I had a little insight, though, as my car was being pelted with raindrops. This experience was symbolic of the digital bombardment many people experience throughout their waking hours. Since some readers are actually reading this in the paper (as opposed to the online version), I suspect that they think they have escaped the digital world, but truthfully unless they’ve stopped watching TV, listening to the radio, or speaking on the phone, they’re still being bombarded with sights and sounds from the digital world. And most likely they have tried to have an in-person conversation with their grandchildren or adult children only to see them checking their mobile device every few moments. So no one is exempt.
And for those of us who are even more connected to the digital world of texts, emails, instant messages, and social media posts, it really is like a saturation of raindrops soaking every waking moment of the day. During my trip, the rain eventually let up the next day, but there is rarely a dry moment from the digital showers. So I was considering what effect this has had on our lives.

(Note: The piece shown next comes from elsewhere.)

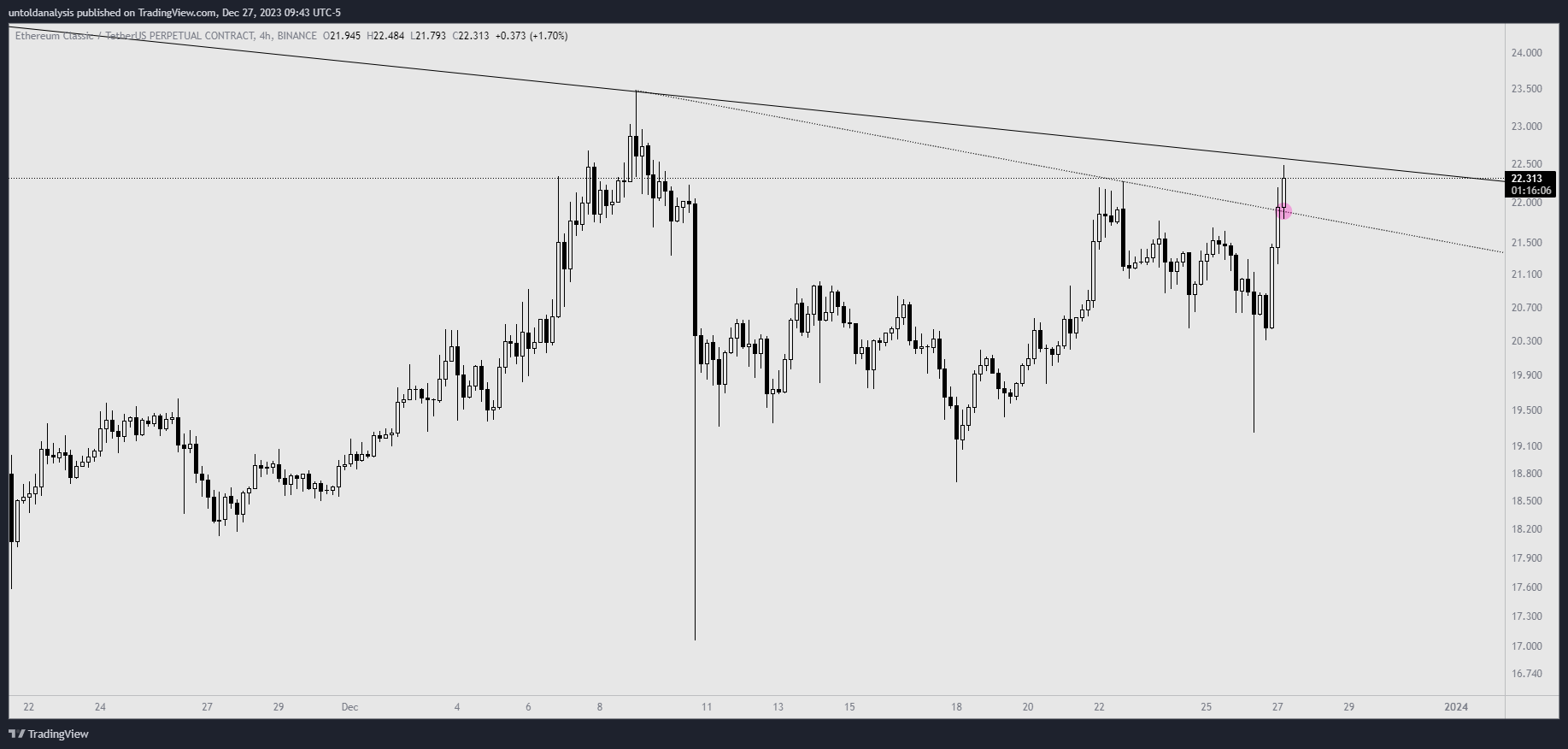 BINANCE:ETCUSDT.P Chart Image by untoldanalysis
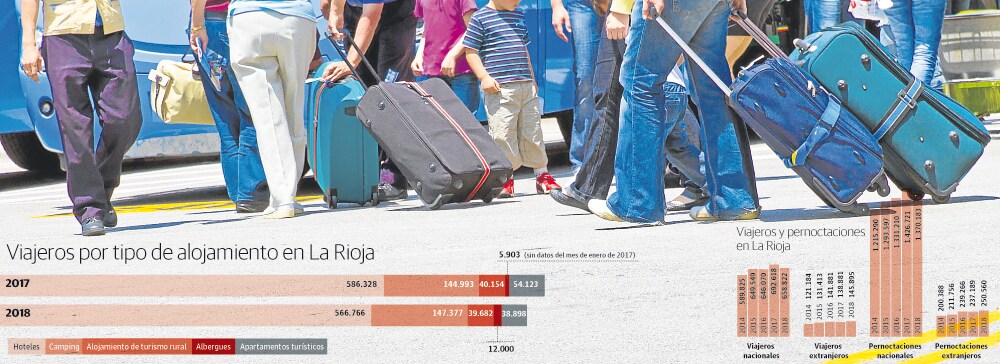 La Rioja perdió casi 27.000 turistas el año pasado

Non-stop rain limits our vision to what is right in front of us. I couldn’t notice the scenery and couldn’t see who was in the cars near me. It was just me and the rain. That, I realized, is the same result we get from being stuck on our cell phones or at our computers or tvs. We often can’t see beyond the device and ourselves. The tea kettle might be whistling, the baby might be crying, the children whining, the spouse looking for some together time and yet the glow of the screen keeps us insulated from all that is really happening around us.
There was one moment during my trip when traffic came to a stop and I found myself under an overpass. For a brief minute, the rain stopped hitting the windshield. I could see clearly around me. (It wasn’t anything lovely to look at, but it was clear vision nonetheless.) It was a nice moment before I headed into the storm again.
So too it is with finding a moment without the “digital rain”. It is a blessing when we can turn off the mobile devices and be present to those around us, or even to our own thoughts and feelings. Time for prayer each day actually functions in this way for me. I was going to suggest that coming to church is also a good time away from the digital world however those who often attend St. Bernard’s know that we encourage people to take a church “selfie” from time to time and post it. But despite those moments of witness, church is also a blessed respite that opens us up to not only being together with our families but also to experiencing God’s messages and blessings. Give it a try!